Motivated by recent advances in using artificial intelligence to autonomously detect complex
patterns in many different settings, we propose a truly novel method based on artificial neural
networks to detect 21st Century patterns of combined change and quantify when their signal will
emerge from the background climate noise. This will be done under the umbrella of three main
goals: (1) Develop a state-of-the-art neural network architecture to detect forced time-varying
combined patterns of change of impact-related earth system quantities, (2) Identify the combined
patterns of change over the 21st Century, determine how they change over time, and quantify
when these patterns will emerge from the background of climate noise within CMIP6, and (3)
Quantify the extent to which combined patterns of change have already emerged in observations.
The PIs have already developed a successful prototype of the neural network architecture for a
single climate variable (e.g. temperature) and applied the trained network to observations, and so
the extension to combinations of climate quantities is at the center of this proposal. The proposed
work will focus on combinations of climate quantities (including National Climate Assessment
indicators) that lead to impacts related to weather extremes, wildfire occurrence, drought and
poor air quality. Furthermore, we fully expect the methodology to be applicable across a wide
range of variables and impacts.
Relevance and Suitability for NOAA
The project addresses the NOAA MAPP 21st Century Integrated US Climate Predictions and
Projections competition by developing and applying the innovative methodology of neural
networks, a type of machine learning (ML) method. ML methods are specifically highlighted in
the call. The outcomes of this method will address Priority Areas A and C: Priority A will be
addressed by identifying the patterns of combined change over the 21st Century, determining
how they change over time, and quantifying when these patterns will emerge from climate noise.

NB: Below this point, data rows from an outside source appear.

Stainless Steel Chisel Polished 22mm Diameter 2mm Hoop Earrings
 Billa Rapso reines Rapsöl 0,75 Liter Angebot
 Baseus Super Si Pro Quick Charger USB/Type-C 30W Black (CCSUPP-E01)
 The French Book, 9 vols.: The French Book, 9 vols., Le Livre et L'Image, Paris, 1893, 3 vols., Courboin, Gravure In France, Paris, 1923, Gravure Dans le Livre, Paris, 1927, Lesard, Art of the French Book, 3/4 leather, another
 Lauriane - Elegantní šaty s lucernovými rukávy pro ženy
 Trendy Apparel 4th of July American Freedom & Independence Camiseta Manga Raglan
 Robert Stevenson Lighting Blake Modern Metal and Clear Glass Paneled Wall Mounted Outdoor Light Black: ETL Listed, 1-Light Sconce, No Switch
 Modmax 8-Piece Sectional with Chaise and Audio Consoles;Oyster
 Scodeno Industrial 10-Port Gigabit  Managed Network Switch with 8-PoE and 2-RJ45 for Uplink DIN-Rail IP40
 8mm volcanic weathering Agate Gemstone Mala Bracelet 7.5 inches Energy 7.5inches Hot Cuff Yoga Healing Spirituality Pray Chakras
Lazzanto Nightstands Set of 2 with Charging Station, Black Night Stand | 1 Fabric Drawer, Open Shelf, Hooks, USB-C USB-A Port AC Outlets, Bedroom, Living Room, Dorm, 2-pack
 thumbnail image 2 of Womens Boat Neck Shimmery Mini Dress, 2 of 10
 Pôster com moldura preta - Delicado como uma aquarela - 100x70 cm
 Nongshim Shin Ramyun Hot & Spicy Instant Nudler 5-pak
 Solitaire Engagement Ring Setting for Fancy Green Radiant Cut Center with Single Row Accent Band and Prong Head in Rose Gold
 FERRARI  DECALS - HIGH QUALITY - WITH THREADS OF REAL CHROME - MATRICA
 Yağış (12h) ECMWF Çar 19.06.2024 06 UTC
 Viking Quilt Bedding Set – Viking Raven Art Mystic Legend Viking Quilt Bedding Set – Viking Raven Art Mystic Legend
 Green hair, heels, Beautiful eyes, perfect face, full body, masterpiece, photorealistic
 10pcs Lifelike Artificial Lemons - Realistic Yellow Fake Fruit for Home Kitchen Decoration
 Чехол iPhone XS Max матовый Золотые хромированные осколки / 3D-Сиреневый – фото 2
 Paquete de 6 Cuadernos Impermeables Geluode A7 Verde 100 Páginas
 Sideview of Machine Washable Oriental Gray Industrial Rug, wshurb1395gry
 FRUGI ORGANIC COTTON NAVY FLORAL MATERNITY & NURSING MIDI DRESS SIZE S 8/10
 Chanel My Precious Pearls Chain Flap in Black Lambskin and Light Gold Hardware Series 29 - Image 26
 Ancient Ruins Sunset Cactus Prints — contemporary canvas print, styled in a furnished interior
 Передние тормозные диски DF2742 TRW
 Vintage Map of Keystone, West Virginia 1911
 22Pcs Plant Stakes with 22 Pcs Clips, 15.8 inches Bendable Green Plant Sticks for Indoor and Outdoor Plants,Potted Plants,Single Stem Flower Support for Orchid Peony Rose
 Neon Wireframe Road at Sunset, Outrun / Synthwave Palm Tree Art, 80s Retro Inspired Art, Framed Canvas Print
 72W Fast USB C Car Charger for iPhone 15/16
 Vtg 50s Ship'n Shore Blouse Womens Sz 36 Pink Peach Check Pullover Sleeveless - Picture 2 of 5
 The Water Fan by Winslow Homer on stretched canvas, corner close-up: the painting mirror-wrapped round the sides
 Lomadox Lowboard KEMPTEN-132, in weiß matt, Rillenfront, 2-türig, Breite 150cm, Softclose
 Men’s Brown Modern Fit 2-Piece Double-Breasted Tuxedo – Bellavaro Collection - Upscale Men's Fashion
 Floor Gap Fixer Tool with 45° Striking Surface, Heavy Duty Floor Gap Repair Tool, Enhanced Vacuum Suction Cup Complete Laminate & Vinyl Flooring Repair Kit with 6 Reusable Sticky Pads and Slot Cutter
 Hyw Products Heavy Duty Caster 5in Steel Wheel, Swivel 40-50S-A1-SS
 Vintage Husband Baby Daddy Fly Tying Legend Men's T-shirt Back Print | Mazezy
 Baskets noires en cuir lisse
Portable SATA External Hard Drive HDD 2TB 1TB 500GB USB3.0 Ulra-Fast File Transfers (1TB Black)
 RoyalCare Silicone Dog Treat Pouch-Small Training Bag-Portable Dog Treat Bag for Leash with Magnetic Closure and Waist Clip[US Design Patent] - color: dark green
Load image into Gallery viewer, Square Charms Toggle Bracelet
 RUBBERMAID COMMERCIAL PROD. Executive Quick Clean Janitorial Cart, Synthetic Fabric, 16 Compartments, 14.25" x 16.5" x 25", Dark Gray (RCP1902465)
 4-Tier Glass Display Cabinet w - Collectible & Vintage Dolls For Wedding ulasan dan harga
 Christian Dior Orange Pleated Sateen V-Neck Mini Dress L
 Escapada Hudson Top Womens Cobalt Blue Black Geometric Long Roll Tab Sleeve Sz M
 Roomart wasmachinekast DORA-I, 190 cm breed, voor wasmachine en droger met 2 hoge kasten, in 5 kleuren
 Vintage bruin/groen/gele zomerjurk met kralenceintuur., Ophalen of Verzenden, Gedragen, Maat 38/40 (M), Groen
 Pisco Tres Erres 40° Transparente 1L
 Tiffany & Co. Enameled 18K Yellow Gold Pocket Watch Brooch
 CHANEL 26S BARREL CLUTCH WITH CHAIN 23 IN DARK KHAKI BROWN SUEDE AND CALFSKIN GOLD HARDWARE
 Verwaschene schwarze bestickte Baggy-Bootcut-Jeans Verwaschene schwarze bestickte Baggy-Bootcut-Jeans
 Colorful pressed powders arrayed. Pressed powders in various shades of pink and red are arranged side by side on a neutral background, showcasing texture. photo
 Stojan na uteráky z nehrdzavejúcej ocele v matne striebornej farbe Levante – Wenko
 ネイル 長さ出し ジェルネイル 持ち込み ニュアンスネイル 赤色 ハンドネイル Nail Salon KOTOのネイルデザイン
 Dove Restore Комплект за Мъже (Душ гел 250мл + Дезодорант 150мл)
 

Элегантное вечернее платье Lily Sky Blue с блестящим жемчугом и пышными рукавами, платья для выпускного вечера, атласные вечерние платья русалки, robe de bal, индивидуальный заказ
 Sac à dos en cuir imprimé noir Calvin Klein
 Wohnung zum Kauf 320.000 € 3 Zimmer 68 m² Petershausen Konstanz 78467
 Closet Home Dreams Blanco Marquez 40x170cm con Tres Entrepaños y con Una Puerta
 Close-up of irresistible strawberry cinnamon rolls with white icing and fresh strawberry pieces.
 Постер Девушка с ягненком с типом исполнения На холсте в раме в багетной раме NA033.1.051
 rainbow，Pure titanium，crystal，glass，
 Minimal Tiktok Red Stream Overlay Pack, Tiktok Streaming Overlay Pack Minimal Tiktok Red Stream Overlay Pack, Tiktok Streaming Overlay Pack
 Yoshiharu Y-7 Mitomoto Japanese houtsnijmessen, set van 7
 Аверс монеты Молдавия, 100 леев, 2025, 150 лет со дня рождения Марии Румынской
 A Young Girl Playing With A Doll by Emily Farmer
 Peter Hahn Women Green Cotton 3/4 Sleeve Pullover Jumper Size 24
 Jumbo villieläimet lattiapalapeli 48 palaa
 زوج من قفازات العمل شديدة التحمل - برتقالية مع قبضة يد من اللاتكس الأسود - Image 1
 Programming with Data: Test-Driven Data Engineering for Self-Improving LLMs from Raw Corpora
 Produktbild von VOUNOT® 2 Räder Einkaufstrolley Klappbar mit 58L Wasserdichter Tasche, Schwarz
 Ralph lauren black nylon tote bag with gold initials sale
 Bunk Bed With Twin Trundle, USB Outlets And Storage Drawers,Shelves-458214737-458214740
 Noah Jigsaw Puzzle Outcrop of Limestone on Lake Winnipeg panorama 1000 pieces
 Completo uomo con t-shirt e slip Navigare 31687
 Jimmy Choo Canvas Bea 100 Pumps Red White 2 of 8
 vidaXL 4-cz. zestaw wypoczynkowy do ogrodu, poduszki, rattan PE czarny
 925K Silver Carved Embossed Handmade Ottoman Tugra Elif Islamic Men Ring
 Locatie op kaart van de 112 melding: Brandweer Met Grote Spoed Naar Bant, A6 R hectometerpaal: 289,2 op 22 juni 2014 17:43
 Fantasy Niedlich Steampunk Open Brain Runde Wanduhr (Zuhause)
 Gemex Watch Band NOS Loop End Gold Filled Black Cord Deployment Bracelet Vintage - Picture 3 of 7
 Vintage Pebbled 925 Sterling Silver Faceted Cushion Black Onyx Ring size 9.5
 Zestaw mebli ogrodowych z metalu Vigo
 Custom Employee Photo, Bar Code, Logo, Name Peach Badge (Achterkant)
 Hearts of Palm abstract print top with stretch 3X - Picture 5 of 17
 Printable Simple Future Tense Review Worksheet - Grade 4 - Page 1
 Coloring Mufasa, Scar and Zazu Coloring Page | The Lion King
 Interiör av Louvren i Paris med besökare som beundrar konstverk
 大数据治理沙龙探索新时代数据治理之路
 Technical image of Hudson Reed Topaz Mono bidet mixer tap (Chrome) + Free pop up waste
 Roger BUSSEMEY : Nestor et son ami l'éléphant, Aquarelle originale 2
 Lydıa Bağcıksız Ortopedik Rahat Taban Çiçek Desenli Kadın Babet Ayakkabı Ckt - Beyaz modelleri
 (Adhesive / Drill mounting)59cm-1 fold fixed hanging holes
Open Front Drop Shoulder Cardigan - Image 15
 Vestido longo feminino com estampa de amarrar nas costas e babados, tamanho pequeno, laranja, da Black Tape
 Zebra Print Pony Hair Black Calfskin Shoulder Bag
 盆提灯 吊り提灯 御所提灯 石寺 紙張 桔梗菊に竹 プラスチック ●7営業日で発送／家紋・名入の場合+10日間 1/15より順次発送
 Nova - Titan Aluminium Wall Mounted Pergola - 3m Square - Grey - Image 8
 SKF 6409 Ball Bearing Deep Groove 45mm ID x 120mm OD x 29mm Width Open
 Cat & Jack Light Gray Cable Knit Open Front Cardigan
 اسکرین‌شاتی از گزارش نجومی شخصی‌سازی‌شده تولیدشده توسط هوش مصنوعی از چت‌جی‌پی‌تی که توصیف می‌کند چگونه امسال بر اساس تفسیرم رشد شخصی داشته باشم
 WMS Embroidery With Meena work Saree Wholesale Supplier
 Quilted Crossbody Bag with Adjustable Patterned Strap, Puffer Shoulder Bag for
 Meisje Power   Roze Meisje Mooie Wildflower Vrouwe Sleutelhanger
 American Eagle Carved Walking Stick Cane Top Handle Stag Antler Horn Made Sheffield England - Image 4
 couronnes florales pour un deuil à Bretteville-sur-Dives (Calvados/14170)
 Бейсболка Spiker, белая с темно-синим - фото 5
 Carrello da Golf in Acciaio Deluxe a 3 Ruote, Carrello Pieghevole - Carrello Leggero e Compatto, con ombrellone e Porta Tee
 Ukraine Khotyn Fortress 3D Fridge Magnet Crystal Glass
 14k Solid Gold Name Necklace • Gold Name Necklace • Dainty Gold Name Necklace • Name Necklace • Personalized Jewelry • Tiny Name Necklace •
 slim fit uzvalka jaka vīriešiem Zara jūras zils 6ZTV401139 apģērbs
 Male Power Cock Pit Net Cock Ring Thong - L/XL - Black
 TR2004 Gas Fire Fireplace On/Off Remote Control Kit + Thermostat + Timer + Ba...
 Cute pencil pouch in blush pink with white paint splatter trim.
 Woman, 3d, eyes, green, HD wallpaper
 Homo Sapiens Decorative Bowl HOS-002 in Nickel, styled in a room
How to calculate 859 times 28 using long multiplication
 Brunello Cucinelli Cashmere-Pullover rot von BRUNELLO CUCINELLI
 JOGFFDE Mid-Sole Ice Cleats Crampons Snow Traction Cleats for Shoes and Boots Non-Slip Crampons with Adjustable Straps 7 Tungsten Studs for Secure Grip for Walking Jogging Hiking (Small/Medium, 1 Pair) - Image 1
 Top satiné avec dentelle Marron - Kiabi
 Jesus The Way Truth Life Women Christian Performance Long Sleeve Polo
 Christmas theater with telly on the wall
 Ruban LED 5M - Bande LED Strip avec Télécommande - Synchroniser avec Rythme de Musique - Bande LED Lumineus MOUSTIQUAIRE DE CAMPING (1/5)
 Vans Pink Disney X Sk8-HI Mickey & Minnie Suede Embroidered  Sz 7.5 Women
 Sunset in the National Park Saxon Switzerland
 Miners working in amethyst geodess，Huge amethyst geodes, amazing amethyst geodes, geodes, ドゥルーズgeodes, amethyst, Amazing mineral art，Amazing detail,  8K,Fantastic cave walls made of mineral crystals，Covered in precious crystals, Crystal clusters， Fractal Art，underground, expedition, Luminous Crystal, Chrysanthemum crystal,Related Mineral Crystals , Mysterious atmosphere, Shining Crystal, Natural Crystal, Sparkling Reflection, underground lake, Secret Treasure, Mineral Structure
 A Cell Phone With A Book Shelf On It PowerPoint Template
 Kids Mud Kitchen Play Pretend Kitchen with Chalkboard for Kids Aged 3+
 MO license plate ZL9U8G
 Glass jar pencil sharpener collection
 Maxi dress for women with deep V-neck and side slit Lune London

Priority C will be addressed by applying the trained neural network to the observations and a
combination of NCA indicators to quantify how these combined effects have changed in recent
decades. PI Barnes has extensive experience studying atmospheric responses to climate change.
Co-PI Anderson is an expert in machine learning and developing neural network architecture and
Co-PI Ebert-Uphoff is an expert in complex networks and the intersection of climate science and
artificial intelligence. All three have worked together on a successful prototype.